Much has been written about the contributing factors resulting in a growing, marginalized population left behind economically. It’s a very real problem demanding our attention. But equally disturbing is the culturally sanctioned denial of pain, causing so many to be left behind emotionally. This theme is more subtly woven into the narrative.
Spoiler Alert. You may wish to see the film before continuing.
Fern is a middle-aged widow whose small Nevada town has evaporated after the central employer went bust. She gets seasonal work at an Amazon fulfillment center, does what she can to make ends meet, living in her van. A local family offers her a home with them, but she refuses.

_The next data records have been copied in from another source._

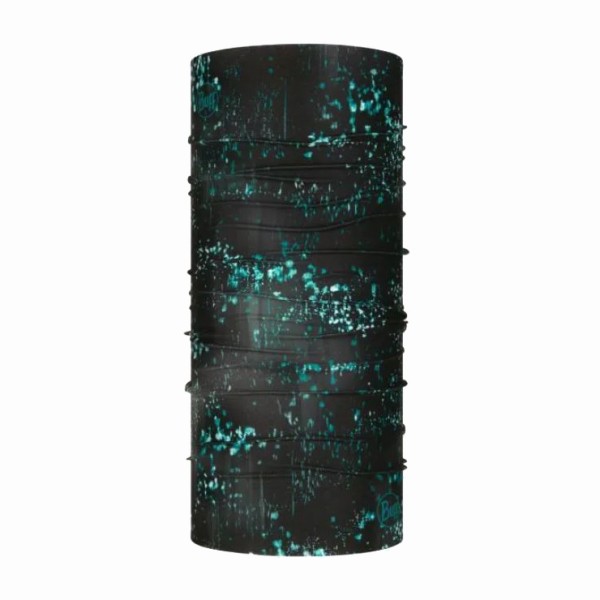 Buff buf Coolnet UV Speckle.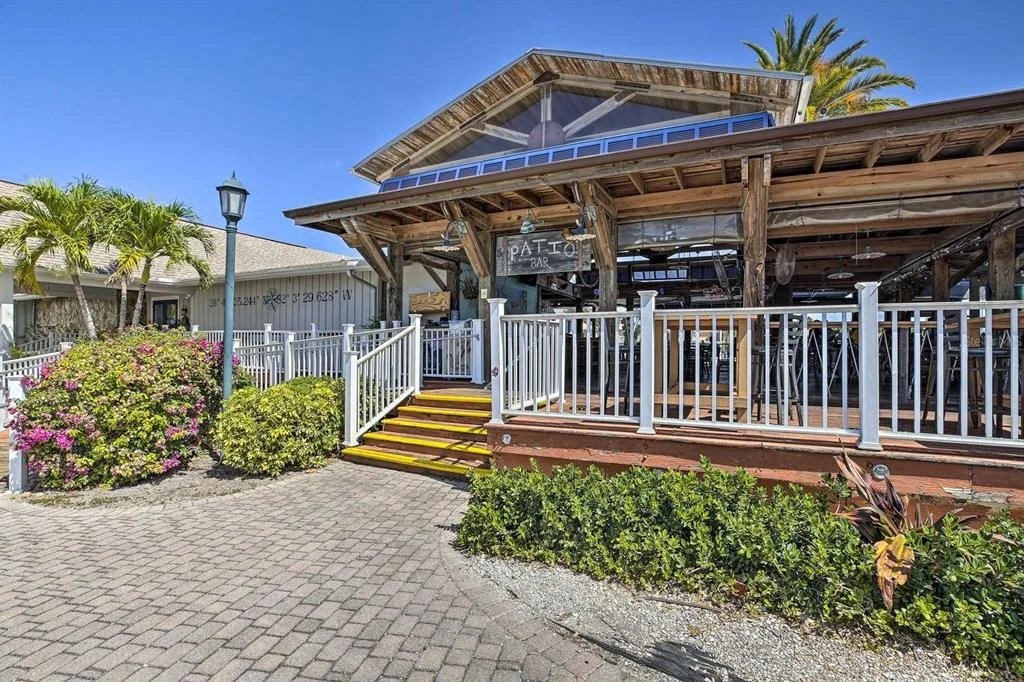 Photo of 3271 SUGARLOAF KEY ROAD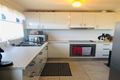 Property photo of 17 Codrington Street Barnsley NSW 2278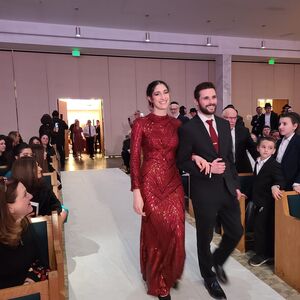 Gallery Photo 24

When a friend invites her to drive south and join a nomad community also living in their trailers and vans, Fern initially declines. As temperatures drop, she eventually makes the trek. Shared resources, nightly songs around a campfire, and a caring tribe leader suggest this may be a viable option for her, but when the caravan moves on, she stays behind. She scrubs toilets at an RV park, works at a drug store doing food prep, even heads to South Dakota to shovel beets, anything to eek out a meager existence.
Part of writer-director Chloé Zhao’s genius is that most of the characters are actually real people playing themselves, offering an authentic glimpse of the nomad lifestyle and the people who choose it.
Part of writer-director Chloé Zhao’s genius is that most of the characters are actually real people playing themselves, offering an authentic glimpse of the nomad lifestyle and the people who choose it. She gets out of the way, allowing their heartrending personal stories to add grit and gravitas. I expect this will emerge as a new category of filmmaking, a hybrid of fictionalized documentary.
The story takes a turn when Fern’s van breaks down. With no alternative, she visits her previously unmentioned sister, accepting a loan, but declining an invitation to live with the family.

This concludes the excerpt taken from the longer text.